▶ **WHAT TO DO**
Return the stretch from the line with "Elena Proklova underwater" through the line with "Polo by Ralph" in the data below, character for character, skipping all pictures.

▶ **INFORMATION GIVEN**

Start of Block

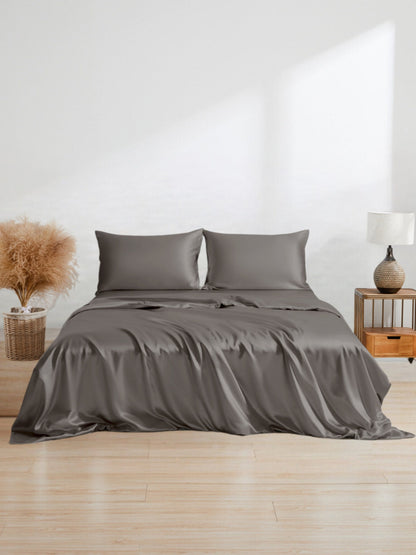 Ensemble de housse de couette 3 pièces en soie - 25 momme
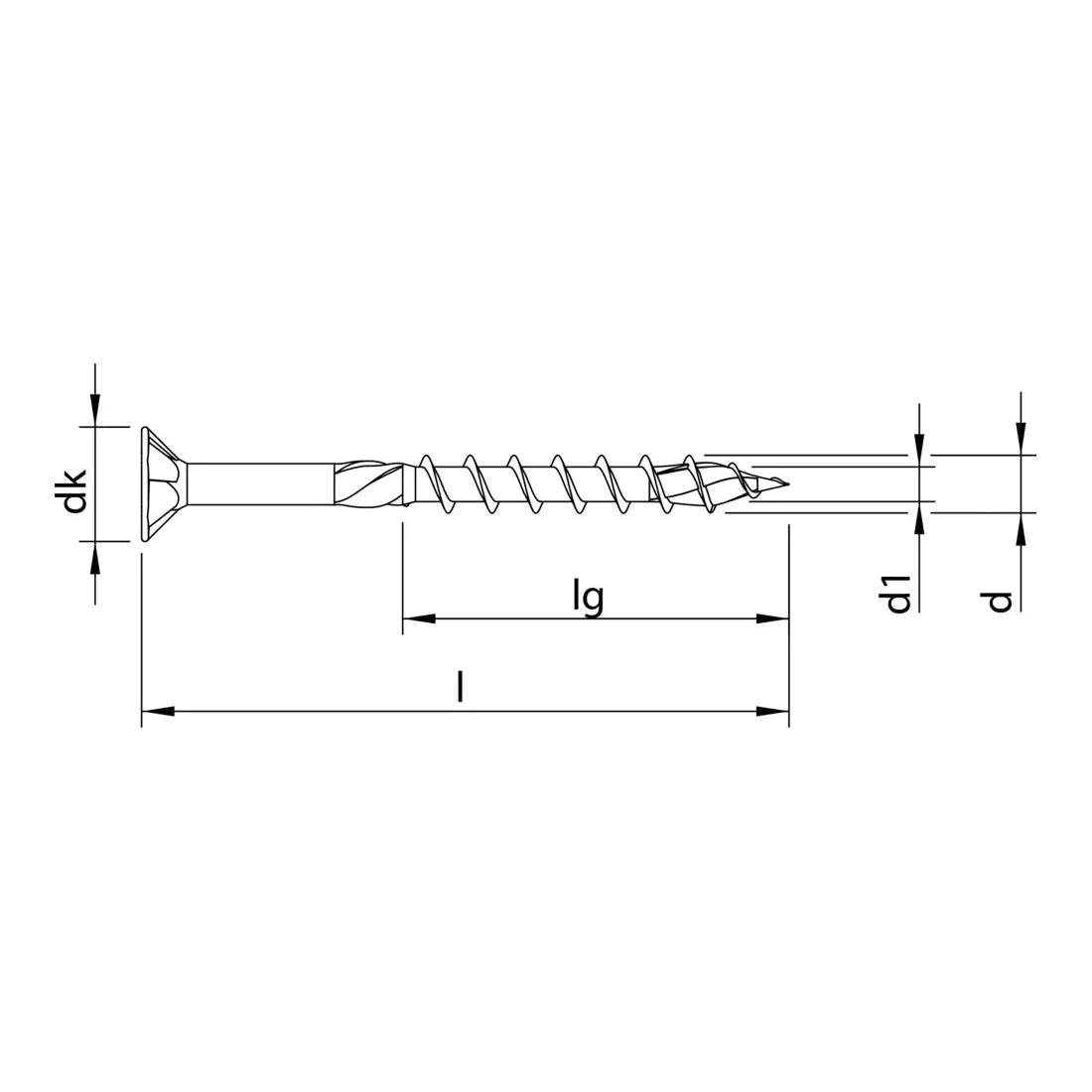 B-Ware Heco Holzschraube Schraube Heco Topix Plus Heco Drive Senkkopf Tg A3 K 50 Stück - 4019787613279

End of Block
Start of Block

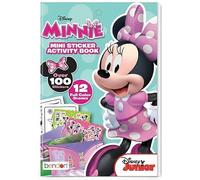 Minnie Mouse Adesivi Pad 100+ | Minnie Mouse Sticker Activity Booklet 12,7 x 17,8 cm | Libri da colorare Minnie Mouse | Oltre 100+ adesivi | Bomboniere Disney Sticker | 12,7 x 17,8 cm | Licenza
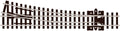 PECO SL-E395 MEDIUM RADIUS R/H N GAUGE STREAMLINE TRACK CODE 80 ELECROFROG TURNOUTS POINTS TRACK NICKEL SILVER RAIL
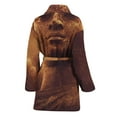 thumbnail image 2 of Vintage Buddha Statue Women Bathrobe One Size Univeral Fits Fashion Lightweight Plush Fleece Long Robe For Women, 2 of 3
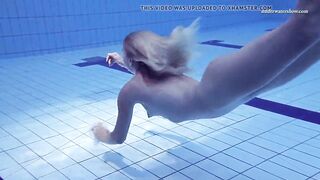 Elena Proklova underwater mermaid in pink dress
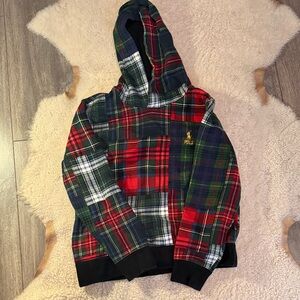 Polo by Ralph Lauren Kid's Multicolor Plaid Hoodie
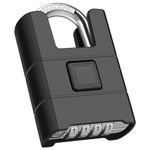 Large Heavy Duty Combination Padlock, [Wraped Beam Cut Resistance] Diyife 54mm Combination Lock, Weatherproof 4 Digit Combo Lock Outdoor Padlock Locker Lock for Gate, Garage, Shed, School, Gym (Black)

End of Block

▶ **ANSWER SECTION**
 Elena Proklova underwater mermaid in pink dress
 Polo by Ralph Lauren Kid's Multicolor Plaid Hoodie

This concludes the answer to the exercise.